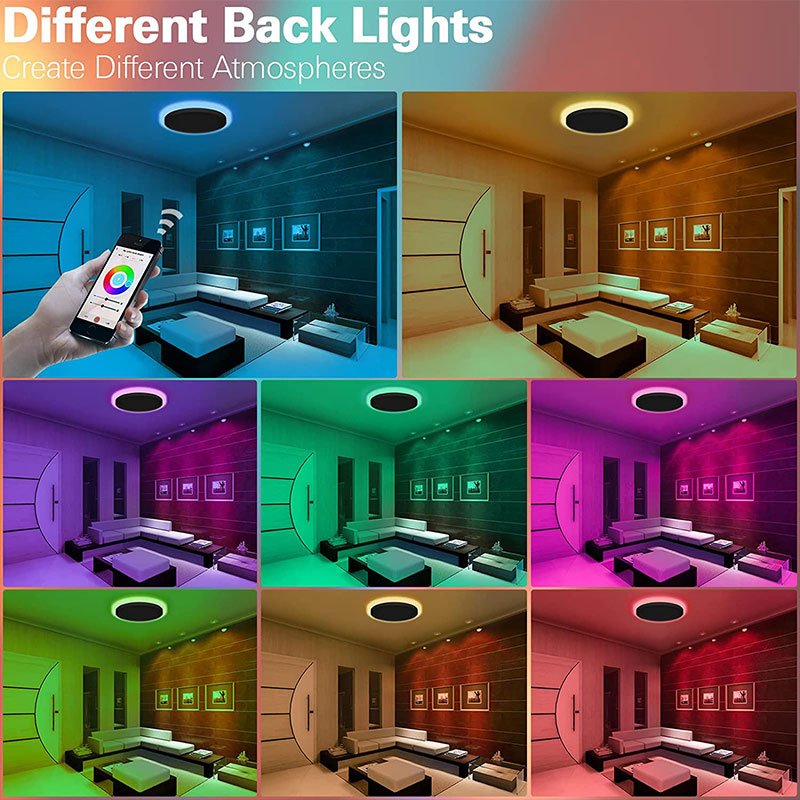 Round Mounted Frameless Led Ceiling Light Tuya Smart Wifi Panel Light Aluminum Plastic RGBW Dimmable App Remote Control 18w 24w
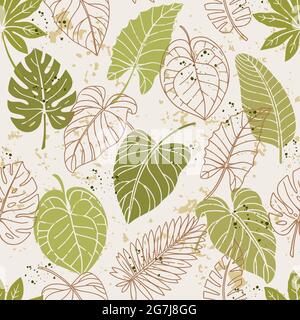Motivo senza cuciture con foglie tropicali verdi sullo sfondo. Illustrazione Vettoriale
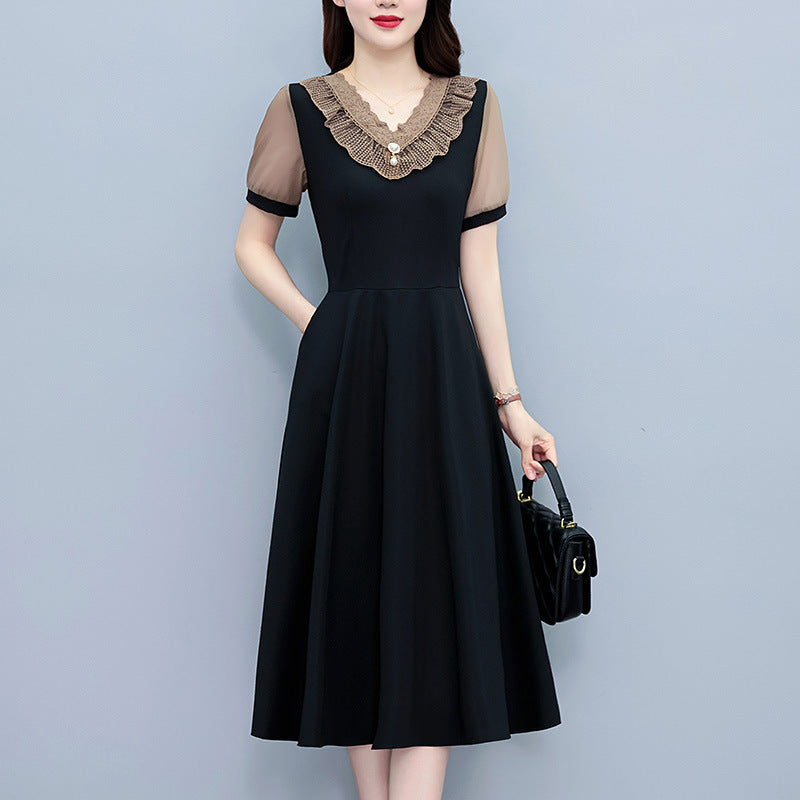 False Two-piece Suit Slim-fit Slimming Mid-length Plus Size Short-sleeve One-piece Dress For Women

...

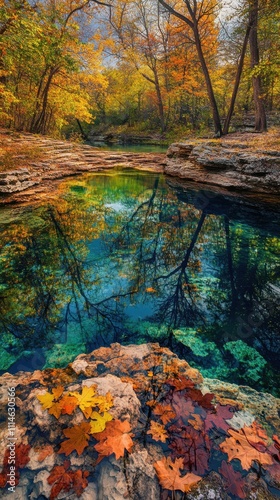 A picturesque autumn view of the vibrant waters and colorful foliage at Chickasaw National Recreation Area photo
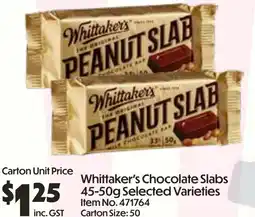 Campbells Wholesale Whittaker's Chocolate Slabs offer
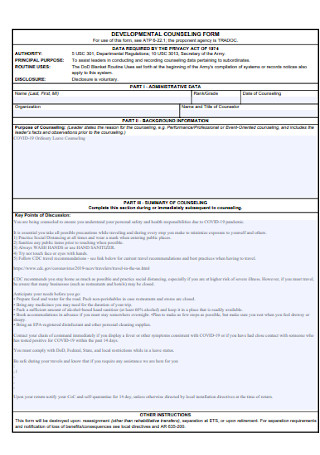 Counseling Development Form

YOUR INSTRUCTIONS: In the listing above, the required lines run from the line with "Round Mounted Frameless" through the line with "Motivo senza cuciture". Output exactly those lines, omitting pictures.

EXERCISE RESULT:
 Round Mounted Frameless Led Ceiling Light Tuya Smart Wifi Panel Light Aluminum Plastic RGBW Dimmable App Remote Control 18w 24w
Motivo senza cuciture con foglie tropicali verdi sullo sfondo. Illustrazione Vettoriale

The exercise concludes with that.